I see a lot of parenting articles that float around on the Internet about how all but the person who posted the story are terrible parents for various parent-child routines (birth plan, attachment parenting, nursing, parent-led sleep issues, baby-led weaning, TV-watching, dog fighting, diapering, potty training, JFK, blown away). It’s very important to absorb every other parents’ judgment of you and adapt what works best for your child to what works best for someone else’s child’s parent. Otherwise your kid will grow up to be a horrible, unhealthy person who leaves trash in his/her wake. I’m not sure how our own parents managed to raise us without Internet acquaintances telling them what to do.
JK. I sometimes feel self-conscious about choices we’ve made as parents, but my kid is happy, smart, and gives lots of hugs, so you can’t tell me I’ve gone wrong somewhere, with the exception that I often do not have tissues or napkins handy and her face is covered in goo. That is clearly something that I have done that has made an impact, although a temporary one, on my child. But I recently bought pocket tissue packs and stuffed my purse and her diaper bag with tissues and snacks, so I’m pretty confident right now about my parenting.
Whenever I get worked up about possibly messing up, I remember that people my age with young children were raised completely different from how we raise our children, and as adults we don’t stop and say “this went wrong in my life because I had to cry myself to sleep as a baby” (well, I guess you could say that). It wasn’t until I was pregnant that I had any idea how my parents treated us as babies. It turns out, they treated us as best as they could, which is what any decent person does. Although don’t bring up my teeth to my mom because I think she feels really bad that I spent half of my childhood at the dentist (I don’t even HAVE those teeth anymore, Mom, don’t worry about it).

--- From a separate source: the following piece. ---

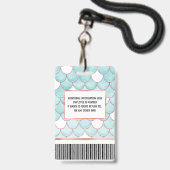 Kute Blauwgroen roze Waterverf Zeemeerminescales Badge (Back with Lanyard)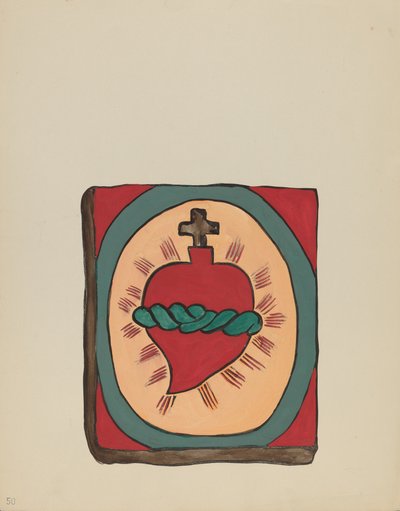 Plate 50: Sacred Heart: From Portfolio "Spanish Colonial Designs of New Mexico" by American 20th Century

While I wholly support things that make babies/toddlers/children feel secure and happy, it doesn’t stop or end with one specific element of parenting. And you’re never going to know how you were as a parent until years later when your child is an adult and is interviewed on a podcast, probably Marc Maron’s WTF ,where he always asks about parents. The people who you would want your children to emulate all say that their parents were supportive and communicative. I’m sure there are many ways to get there, not entirely dependent on where your child slept as an infant (unless dog bed – that lands your kid on Mental Illness Happy Hour).
Yes, this was all a ruse so that I could recommend podcasts again. My associate is the only person I know who listens to them, and we only sometimes listen to the same ones (we talk about Kulap and Howard of “Who Charted,” as if they are pals). Even though I don’t see any friends enough that podcasts would come up in our catching up conversations, it would be nice to know that I’m not the only one listening to a particularly good episode of the Bugle or something. So, listen to podcasts, unless you want to be a terrible parent.